> **Data supplied**:
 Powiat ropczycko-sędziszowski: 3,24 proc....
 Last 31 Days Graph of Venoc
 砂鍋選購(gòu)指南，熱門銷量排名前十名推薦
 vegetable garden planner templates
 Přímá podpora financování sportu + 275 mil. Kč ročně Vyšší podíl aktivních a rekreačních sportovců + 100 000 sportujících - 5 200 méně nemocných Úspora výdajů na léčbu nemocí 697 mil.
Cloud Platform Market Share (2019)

---

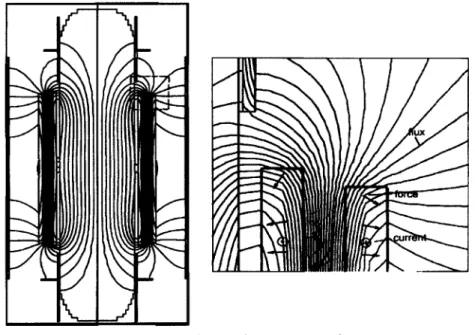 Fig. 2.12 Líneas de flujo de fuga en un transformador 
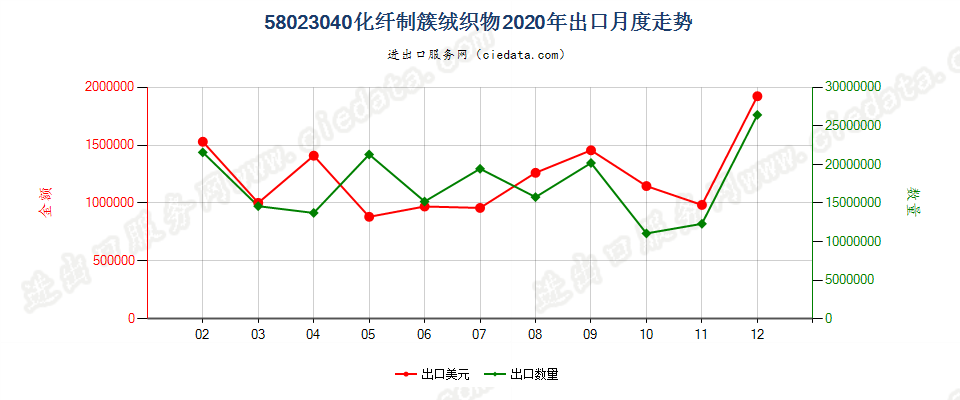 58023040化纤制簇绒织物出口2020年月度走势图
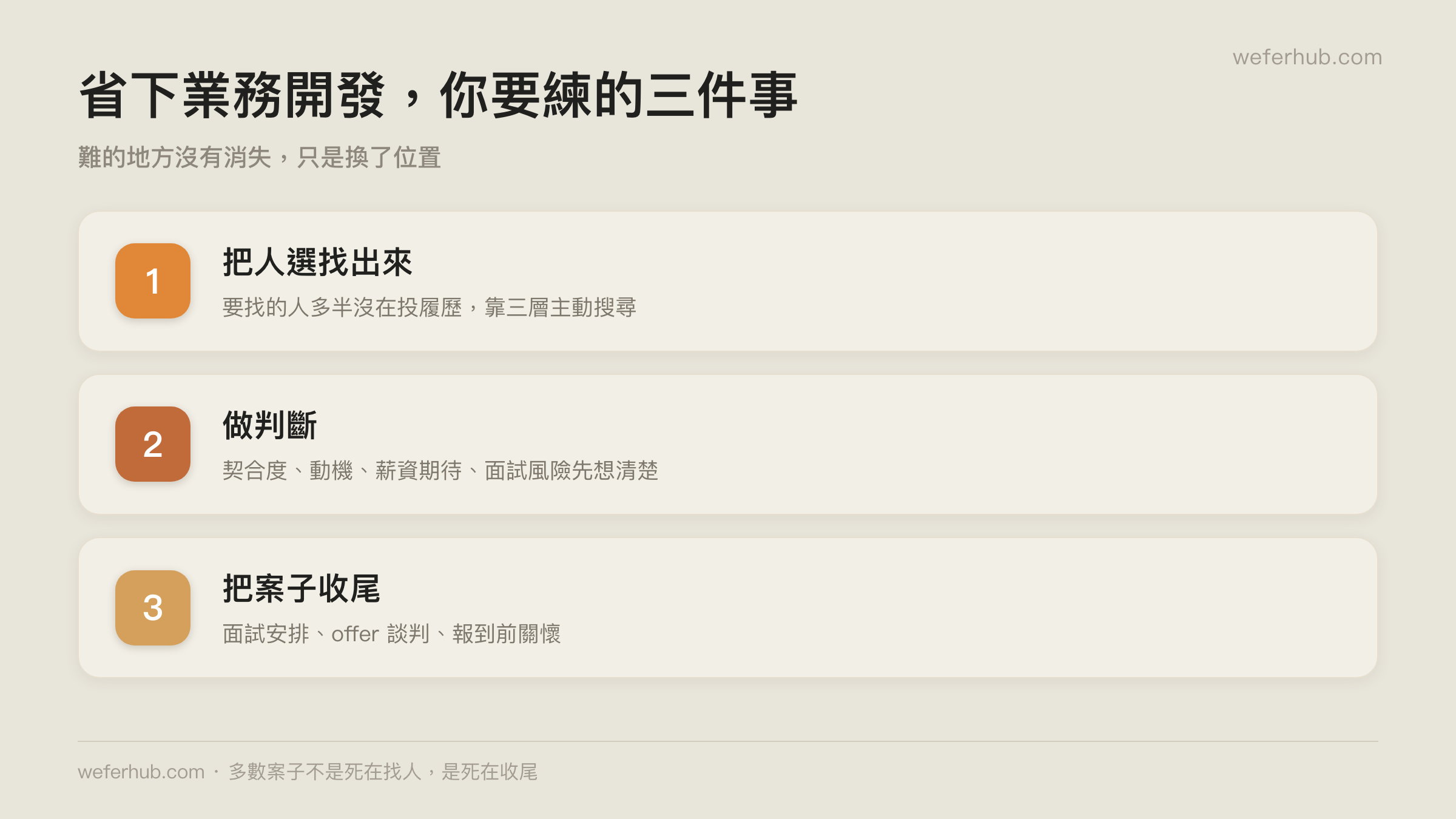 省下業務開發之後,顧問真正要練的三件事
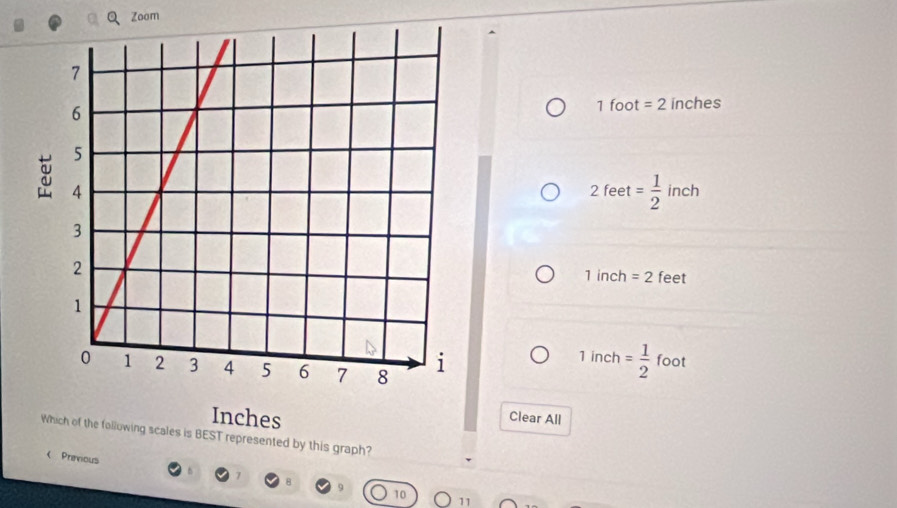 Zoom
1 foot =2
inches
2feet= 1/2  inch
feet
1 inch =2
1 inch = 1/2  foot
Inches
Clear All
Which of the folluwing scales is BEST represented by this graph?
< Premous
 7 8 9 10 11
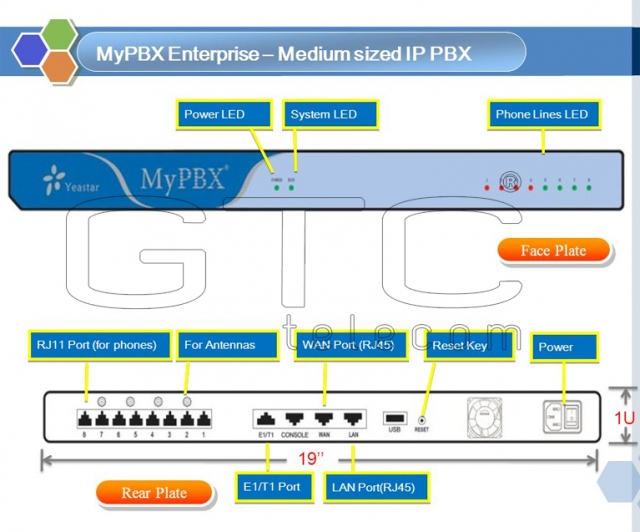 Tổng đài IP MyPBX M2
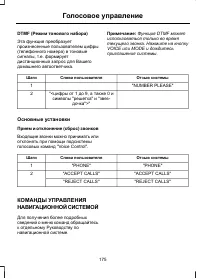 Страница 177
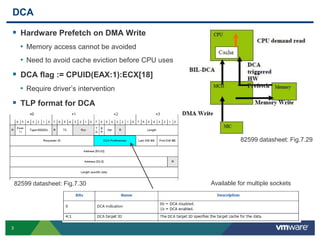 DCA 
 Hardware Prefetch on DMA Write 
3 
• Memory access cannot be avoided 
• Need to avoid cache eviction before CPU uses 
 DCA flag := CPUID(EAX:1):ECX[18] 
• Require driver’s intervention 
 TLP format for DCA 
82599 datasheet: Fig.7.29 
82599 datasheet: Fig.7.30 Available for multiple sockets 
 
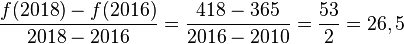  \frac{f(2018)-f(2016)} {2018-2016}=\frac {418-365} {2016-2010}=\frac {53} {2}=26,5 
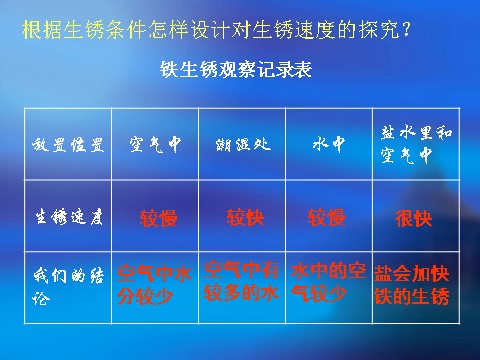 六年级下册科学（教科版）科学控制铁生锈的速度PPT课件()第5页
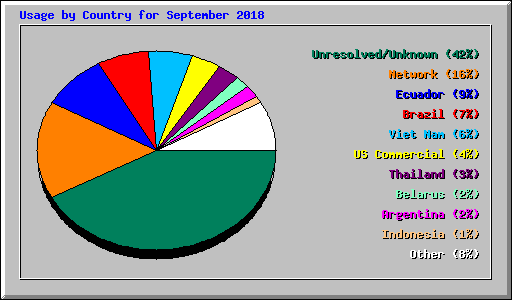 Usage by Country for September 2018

> **What is expected**:
Working from the material above, restate word for word the lines between the line with "Powiat ropczycko-sędziszowski: 3,24 proc...." and the line with "vegetable garden planner templates", both included, and only those.

> **Exercise solution**:
 Powiat ropczycko-sędziszowski: 3,24 proc....
 Last 31 Days Graph of Venoc
 砂鍋選購(gòu)指南，熱門銷量排名前十名推薦
 vegetable garden planner templates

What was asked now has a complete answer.